She agreed, her thoughts elsewhere. The journey continued with Charles making conversation, and Marie replying in monosyllables until he brought the car to a halt outside her front door. They
sat for a while, idly watching a couple approaching from the far end of the street, the man with his arm round the woman’s waist.

‘Are you going to ask me in for a cup of tea?’

Marie appeared not to have heard. ‘You know, I think I’m going to have to bring Alfie home. I can’t get him out of my mind. There’s something wrong there.’

‘Are you insane? You said yourself that if they hadn’t been evacuated, they’d almost certainly be dead. And at least half of what’s wrong there is Alfie, if you ask me.
Your mother was summoned to school to hear complaints about him twice, to my knowledge, and we hadn’t been courting ten months before they went to Bourne. If you want my opinion, the happiest
day of your parents’ lives was the day they waved him off.’

‘It was not. How can you say such a thing! Alfie’s a bit impish, but he’s not a bad lad at heart.’

‘A bit impish? Always up to no good, you mean, always playing some stupid prank on somebody. And even if he were the best lad in the world, how can you manage with him at home, with no one
to look after him?’

‘He’s eleven. He should be able to look after himself.’

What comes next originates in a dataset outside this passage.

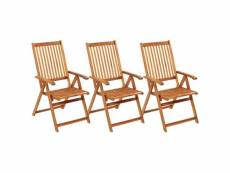 Vidaxl chaises pliables de jardin 3 pcs avec coussins bois d'acacia 3064092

Charles gave a wry smile, and shook his head. ‘There might be some 11-year-olds you’d dare trust in the house on their own, but I wouldn’t take a chance on Alfie. Just
don’t do anything hasty, Marie. My mother gave in to Danny and brought him home, and now she’s got even more reason to be terrified during the bombing, and he’s got her on a
string, the crafty little twerp. Don’t let Alfie pull the wool over your eyes. Give it a bit longer, see how things go. It’ll probably do him the world of good to be somewhere where
he’s not coddled. Toughen him up a bit.’

‘He might not survive being toughened up by a lad twice his size; Ernie strikes me as a nasty piece of work. And his mother’s face would turn the milk sour. They haven’t a good
word for our Alfie, either of them.’

‘Well, just let’s forget about Alfie for a bit. Are you going to ask me in?’

She nudged him and nodded towards the couple who were approaching, linked arm in arm.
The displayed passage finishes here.